Records for the exercise START
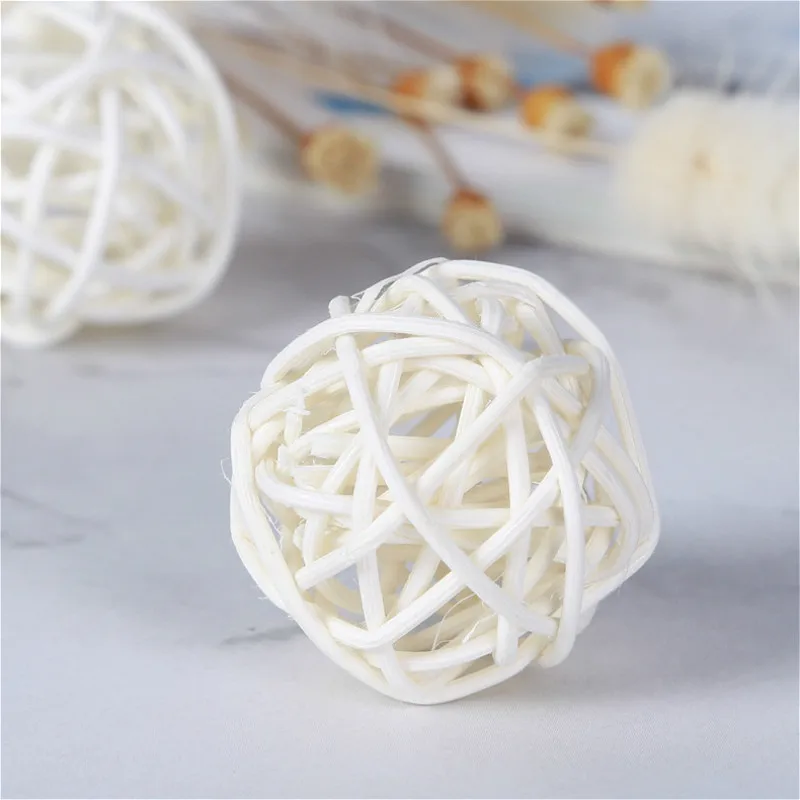 

1pcs White Kawaii Rattan Ball Patio Garden Decorative Balls Christmas Ornament DIY Window Wedding Birthday Party Decoration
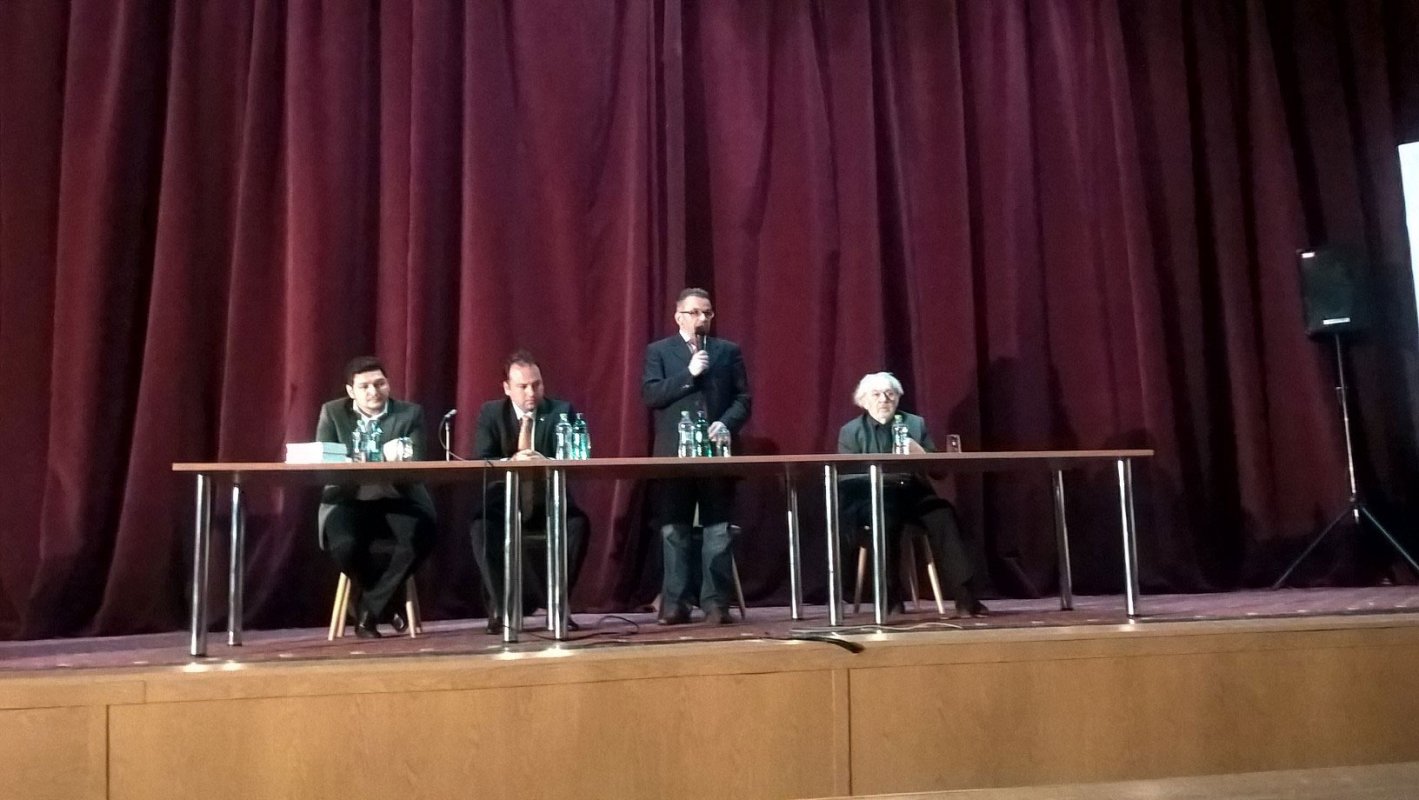 Conferinţe pe tema familiei tradiţionale 62161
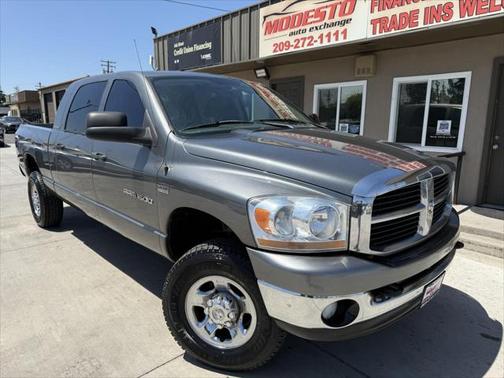 2006 Dodge Ram 1500 SLT Mega Cab
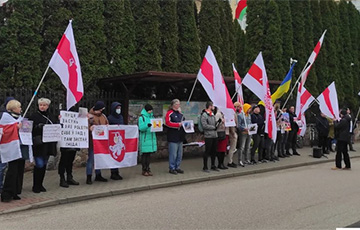 У Беластоку прайшла акцыя пратэсту супраць разьмяшчэньня расейскай ядзернай зброі ў Беларусі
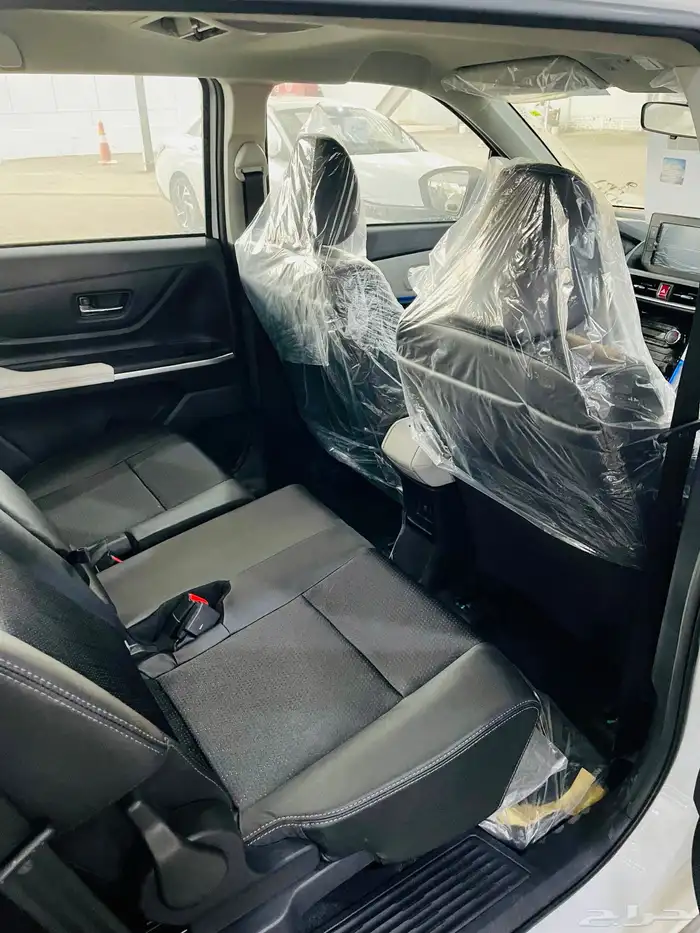 تويوتا - فيلوز 2025 - بنزين 14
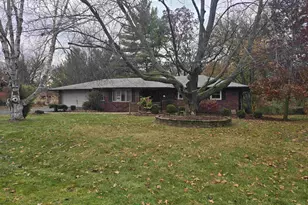 5563 Palisades Pkwy, Rockford, IL 61109 - Photo 1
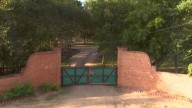 El gobernador de Chaco busca expropiar la chanchería del clan Sena en donde se cree que mataron a Cecilia Strzyzowski
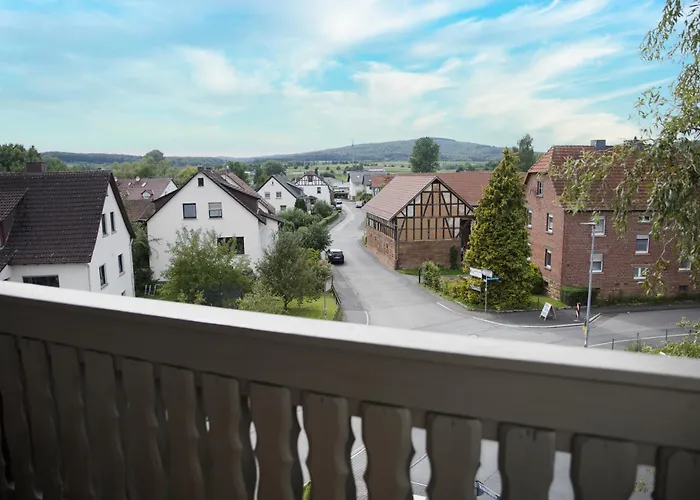 Dg-wohnung Mit Sonnigem Balkon شقة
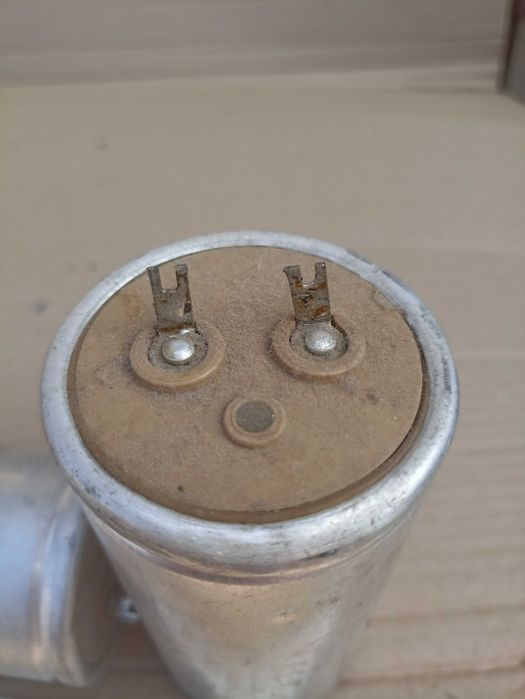 Конденсатор  500мF 500/550V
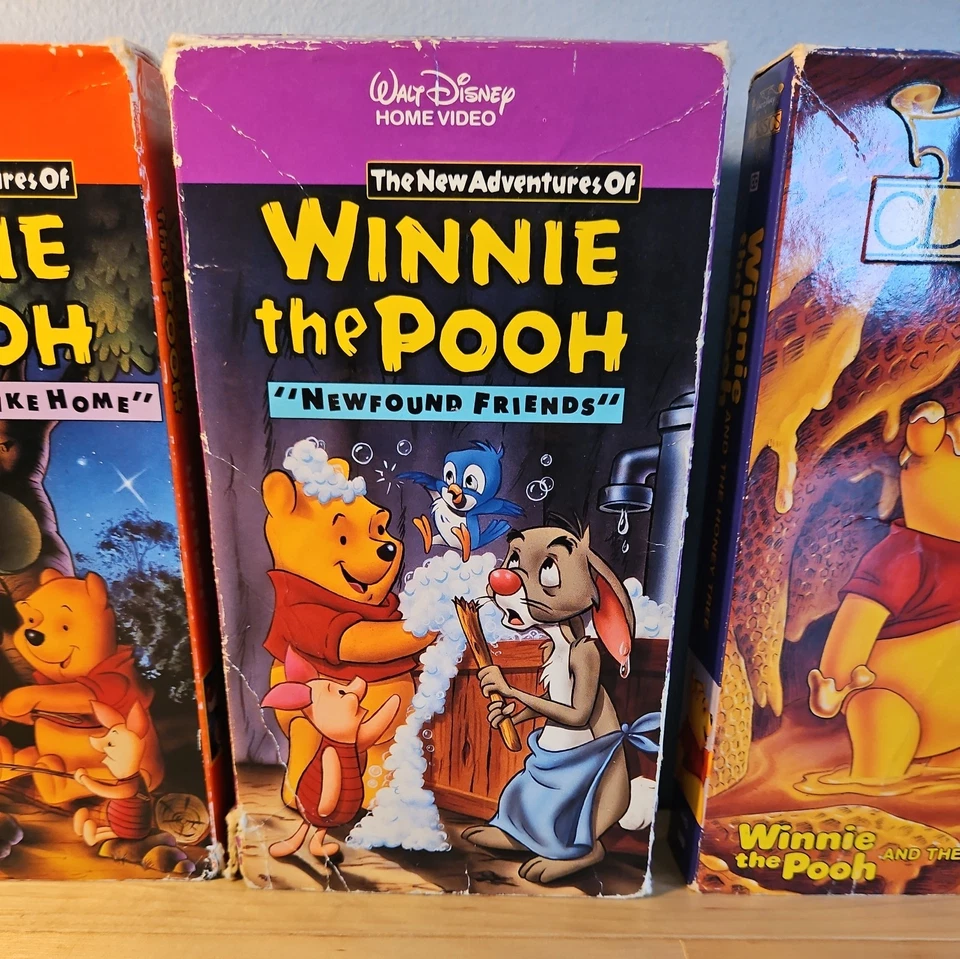 The New Adventures of Winnie the Pooh 3 VHS Lot Walt Disney Home Video - Image 3 of 4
Records for the exercise END
Try it: What are the lines from the one containing "2006 Dodge Ram 1500 SLT Mega Cab" through the end of the records? Write them out exactly, leaving out the pictures.

Task output:
 2006 Dodge Ram 1500 SLT Mega Cab
 У Беластоку прайшла акцыя пратэсту супраць разьмяшчэньня расейскай ядзернай зброі ў Беларусі
 تويوتا - فيلوز 2025 - بنزين 14
 5563 Palisades Pkwy, Rockford, IL 61109 - Photo 1
 El gobernador de Chaco busca expropiar la chanchería del clan Sena en donde se cree que mataron a Cecilia Strzyzowski
 Dg-wohnung Mit Sonnigem Balkon شقة
 Конденсатор  500мF 500/550V
 The New Adventures of Winnie the Pooh 3 VHS Lot Walt Disney Home Video - Image 3 of 4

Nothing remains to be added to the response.